> [Required work]:
From the line containing "Dream symbol: food" down to the last line of the material, return those lines verbatim and only those.

> [Exercise inputs]:
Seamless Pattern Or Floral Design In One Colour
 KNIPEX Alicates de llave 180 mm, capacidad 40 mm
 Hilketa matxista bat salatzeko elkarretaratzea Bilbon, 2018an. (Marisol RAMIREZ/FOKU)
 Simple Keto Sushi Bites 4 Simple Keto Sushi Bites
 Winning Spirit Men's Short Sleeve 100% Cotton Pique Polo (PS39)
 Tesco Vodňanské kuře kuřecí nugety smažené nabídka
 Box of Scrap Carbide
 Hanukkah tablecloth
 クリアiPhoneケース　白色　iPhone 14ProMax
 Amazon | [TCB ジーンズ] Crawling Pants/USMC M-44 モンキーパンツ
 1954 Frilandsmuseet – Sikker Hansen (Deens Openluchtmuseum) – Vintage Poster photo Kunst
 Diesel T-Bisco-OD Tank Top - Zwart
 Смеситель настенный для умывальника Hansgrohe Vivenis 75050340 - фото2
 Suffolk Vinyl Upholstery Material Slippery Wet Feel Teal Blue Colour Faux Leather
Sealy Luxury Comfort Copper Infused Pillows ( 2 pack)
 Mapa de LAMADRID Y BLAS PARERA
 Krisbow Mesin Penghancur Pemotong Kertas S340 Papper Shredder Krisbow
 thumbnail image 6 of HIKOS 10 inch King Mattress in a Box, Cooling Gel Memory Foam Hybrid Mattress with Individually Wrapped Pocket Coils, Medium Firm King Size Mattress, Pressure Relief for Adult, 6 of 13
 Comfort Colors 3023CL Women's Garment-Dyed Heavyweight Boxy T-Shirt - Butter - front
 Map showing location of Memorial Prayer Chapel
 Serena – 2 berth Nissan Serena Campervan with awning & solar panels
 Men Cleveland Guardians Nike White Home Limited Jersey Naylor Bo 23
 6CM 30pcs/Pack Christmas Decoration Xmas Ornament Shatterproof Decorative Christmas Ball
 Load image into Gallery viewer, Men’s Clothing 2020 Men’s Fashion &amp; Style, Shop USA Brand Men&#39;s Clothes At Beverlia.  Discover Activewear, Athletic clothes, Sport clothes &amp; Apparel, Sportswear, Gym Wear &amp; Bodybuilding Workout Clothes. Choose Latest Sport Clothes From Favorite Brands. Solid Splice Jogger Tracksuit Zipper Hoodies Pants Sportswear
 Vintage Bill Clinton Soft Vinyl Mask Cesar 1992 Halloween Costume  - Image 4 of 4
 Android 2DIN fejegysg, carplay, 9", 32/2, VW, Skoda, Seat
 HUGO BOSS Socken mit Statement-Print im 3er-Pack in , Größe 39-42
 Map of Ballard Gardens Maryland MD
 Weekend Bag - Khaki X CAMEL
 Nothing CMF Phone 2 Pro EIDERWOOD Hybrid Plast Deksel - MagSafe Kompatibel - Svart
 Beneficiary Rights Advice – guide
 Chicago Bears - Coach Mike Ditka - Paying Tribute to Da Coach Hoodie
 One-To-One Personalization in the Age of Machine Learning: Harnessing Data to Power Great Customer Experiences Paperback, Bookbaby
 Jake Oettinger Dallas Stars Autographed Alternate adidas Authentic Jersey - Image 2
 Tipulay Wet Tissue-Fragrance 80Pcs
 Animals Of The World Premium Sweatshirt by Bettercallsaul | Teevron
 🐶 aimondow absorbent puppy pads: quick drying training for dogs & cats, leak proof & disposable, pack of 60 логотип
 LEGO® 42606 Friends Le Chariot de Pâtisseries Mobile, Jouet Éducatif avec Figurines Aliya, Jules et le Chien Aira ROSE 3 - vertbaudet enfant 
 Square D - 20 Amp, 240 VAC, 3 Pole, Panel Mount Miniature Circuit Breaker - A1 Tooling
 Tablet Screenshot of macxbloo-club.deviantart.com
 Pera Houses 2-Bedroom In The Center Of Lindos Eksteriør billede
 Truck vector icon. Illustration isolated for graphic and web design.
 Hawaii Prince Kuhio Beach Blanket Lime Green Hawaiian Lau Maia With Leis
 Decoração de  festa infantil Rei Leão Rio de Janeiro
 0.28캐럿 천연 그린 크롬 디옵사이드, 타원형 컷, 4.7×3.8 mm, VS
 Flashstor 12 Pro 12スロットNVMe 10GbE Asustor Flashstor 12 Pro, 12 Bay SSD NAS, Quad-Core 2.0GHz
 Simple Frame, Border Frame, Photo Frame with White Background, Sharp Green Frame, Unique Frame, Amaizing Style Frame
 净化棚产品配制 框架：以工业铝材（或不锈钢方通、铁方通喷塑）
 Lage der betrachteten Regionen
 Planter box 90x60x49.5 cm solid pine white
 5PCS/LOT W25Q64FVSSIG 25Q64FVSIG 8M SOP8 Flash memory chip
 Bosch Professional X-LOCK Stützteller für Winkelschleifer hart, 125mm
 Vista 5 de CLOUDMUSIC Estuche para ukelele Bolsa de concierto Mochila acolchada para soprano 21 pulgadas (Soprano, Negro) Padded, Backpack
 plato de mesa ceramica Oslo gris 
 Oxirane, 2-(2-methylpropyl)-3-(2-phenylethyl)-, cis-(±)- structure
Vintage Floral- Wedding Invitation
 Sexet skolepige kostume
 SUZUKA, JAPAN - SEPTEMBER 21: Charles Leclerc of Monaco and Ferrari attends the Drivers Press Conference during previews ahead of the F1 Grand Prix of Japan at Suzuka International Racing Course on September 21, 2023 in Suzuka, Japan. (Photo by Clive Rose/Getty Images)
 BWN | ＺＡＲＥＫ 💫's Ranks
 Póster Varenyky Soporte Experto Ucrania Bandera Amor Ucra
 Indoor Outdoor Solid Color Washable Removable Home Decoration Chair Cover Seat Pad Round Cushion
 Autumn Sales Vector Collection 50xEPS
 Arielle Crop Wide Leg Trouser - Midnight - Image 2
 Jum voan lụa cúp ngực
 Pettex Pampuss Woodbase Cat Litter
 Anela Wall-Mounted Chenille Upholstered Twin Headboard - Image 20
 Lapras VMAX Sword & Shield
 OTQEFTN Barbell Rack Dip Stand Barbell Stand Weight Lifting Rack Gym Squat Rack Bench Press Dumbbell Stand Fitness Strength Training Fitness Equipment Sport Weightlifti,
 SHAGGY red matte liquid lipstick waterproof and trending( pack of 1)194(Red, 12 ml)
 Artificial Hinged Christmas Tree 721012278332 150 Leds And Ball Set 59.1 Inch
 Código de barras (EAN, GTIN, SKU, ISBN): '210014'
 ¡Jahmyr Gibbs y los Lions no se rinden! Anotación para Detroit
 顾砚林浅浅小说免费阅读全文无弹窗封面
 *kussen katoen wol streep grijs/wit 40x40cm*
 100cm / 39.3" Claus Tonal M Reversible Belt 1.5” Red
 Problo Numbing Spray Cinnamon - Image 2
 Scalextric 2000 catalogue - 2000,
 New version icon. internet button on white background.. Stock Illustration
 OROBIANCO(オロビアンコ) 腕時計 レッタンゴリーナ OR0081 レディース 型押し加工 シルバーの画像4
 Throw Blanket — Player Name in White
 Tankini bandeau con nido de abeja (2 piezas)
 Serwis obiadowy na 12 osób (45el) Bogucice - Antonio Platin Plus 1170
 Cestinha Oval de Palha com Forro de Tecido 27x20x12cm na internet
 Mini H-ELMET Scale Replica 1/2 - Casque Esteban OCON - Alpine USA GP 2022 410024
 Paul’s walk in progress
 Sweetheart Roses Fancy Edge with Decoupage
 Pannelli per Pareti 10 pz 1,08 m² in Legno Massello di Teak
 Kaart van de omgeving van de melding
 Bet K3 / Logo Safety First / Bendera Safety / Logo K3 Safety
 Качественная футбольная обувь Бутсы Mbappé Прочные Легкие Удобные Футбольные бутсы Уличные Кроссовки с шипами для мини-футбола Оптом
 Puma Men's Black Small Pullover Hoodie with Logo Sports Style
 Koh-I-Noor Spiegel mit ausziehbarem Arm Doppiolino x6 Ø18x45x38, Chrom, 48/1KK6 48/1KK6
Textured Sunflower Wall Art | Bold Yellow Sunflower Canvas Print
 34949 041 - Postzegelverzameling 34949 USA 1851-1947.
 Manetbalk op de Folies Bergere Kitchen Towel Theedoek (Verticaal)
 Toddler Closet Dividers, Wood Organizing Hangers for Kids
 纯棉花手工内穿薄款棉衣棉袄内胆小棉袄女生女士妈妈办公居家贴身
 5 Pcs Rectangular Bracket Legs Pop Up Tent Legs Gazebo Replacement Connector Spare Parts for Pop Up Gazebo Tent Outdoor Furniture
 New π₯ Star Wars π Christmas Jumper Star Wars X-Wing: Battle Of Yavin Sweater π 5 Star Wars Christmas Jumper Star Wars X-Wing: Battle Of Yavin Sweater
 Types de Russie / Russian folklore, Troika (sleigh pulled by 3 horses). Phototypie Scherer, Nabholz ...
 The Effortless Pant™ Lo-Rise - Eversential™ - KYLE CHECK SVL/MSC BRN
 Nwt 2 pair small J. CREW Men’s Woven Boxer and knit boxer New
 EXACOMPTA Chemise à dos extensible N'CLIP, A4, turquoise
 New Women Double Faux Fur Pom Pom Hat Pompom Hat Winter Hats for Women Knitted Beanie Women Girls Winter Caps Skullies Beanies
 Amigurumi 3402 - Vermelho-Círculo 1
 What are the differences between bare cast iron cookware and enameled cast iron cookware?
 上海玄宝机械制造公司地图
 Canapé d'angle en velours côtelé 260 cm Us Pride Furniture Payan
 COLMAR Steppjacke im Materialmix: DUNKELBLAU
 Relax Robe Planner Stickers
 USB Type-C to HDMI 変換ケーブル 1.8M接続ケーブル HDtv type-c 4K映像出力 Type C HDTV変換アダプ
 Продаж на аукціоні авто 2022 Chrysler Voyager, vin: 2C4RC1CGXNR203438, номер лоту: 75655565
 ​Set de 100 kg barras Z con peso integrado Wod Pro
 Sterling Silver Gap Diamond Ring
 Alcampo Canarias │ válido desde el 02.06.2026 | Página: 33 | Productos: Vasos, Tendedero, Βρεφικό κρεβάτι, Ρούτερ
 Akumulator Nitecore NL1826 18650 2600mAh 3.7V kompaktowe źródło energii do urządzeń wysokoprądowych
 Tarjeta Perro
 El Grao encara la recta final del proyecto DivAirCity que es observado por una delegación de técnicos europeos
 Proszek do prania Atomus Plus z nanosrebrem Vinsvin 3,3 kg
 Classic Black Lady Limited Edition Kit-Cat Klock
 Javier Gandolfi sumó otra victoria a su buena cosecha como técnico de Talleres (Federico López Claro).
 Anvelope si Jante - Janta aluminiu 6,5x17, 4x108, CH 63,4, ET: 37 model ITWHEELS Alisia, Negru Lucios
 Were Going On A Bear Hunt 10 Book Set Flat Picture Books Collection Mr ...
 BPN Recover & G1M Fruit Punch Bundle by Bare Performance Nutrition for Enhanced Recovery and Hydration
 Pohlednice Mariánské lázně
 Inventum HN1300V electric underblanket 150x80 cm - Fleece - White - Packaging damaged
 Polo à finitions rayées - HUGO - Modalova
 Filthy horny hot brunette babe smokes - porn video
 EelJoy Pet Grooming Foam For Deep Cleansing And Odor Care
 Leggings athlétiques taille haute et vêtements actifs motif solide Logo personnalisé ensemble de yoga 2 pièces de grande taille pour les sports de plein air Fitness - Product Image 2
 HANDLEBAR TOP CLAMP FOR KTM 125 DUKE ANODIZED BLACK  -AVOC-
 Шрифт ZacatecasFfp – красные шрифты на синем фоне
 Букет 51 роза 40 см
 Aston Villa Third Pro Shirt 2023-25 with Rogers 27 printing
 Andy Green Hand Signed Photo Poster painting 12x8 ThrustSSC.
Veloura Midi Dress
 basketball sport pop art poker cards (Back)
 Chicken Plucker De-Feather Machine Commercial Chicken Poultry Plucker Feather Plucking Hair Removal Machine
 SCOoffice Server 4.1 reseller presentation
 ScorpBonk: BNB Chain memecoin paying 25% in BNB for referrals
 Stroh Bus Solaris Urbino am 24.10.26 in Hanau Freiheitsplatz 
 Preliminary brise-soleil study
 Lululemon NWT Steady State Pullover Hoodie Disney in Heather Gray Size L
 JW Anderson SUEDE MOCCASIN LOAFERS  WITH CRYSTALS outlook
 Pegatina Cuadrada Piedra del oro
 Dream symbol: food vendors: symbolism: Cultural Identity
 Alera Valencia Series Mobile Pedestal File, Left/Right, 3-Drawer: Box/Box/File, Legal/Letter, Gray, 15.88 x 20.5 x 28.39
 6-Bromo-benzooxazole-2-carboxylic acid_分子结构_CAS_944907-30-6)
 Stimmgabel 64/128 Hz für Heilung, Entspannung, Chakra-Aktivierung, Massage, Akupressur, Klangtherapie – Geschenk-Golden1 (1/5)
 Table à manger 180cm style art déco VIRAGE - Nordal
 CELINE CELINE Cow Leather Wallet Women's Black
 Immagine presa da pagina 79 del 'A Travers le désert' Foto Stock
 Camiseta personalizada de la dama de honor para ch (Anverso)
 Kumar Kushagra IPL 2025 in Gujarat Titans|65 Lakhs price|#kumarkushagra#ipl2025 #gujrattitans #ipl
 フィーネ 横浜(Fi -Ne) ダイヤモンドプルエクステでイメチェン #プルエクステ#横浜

> [Answer to the exercise]:
 Dream symbol: food vendors: symbolism: Cultural Identity
 Alera Valencia Series Mobile Pedestal File, Left/Right, 3-Drawer: Box/Box/File, Legal/Letter, Gray, 15.88 x 20.5 x 28.39
 6-Bromo-benzooxazole-2-carboxylic acid_分子结构_CAS_944907-30-6)
 Stimmgabel 64/128 Hz für Heilung, Entspannung, Chakra-Aktivierung, Massage, Akupressur, Klangtherapie – Geschenk-Golden1 (1/5)
 Table à manger 180cm style art déco VIRAGE - Nordal
 CELINE CELINE Cow Leather Wallet Women's Black
 Immagine presa da pagina 79 del 'A Travers le désert' Foto Stock
 Camiseta personalizada de la dama de honor para ch (Anverso)
 Kumar Kushagra IPL 2025 in Gujarat Titans|65 Lakhs price|#kumarkushagra#ipl2025 #gujrattitans #ipl
 フィーネ 横浜(Fi -Ne) ダイヤモンドプルエクステでイメチェン #プルエクステ#横浜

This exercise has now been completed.